Stored dataset items:

- - - - -

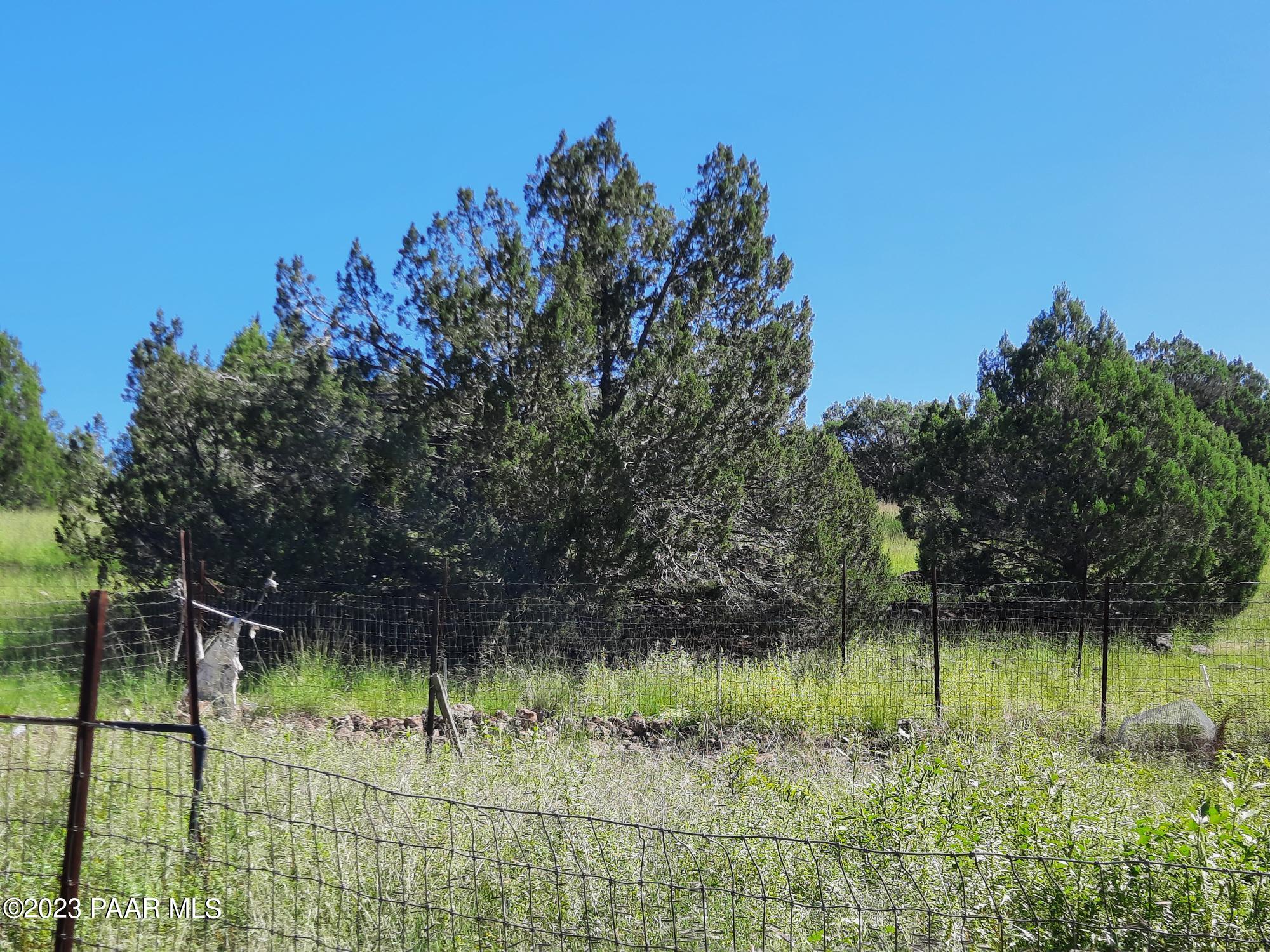 41599 West Terra Ranch Road Seligman, AZ 86337 - Photo 29 of 42 20220828_101535
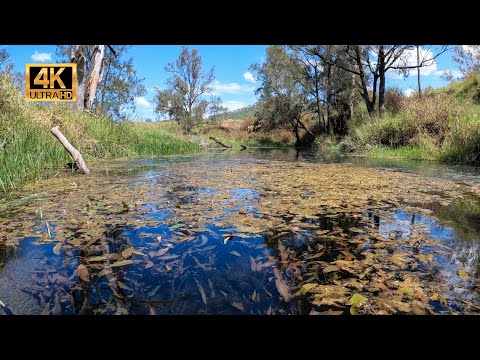 Thin Pondweed (Potamogeton australiensis) in Habitat.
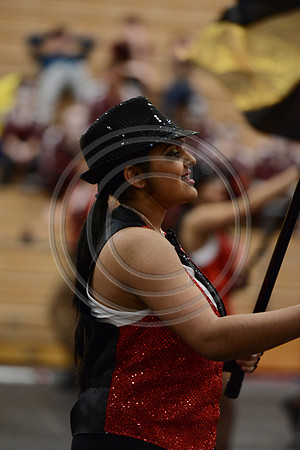 St. Francis Prep Guard-438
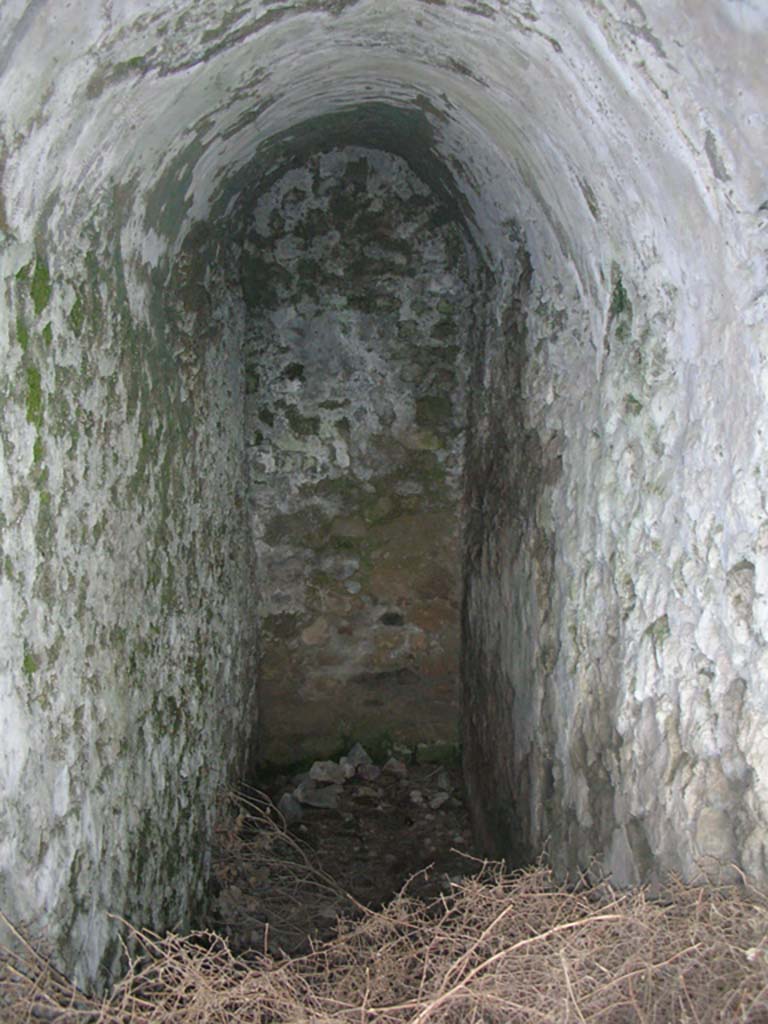 Tower XII, Pompeii. May 2010. 
Detail of vaulted passageway/corridor from entrance doorway. Photo courtesy of Ivo van der Graaff.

- - - - -

→ **ASSIGNMENT**
A verbatim copy of the entries, without the pictures, is what this task requires.

→ **RESPONSE TO THE EXERCISE**
 41599 West Terra Ranch Road Seligman, AZ 86337 - Photo 29 of 42 20220828_101535
 Thin Pondweed (Potamogeton australiensis) in Habitat.
 St. Francis Prep Guard-438
 Tower XII, Pompeii. May 2010. 
Detail of vaulted passageway/corridor from entrance doorway. Photo courtesy of Ivo van der Graaff.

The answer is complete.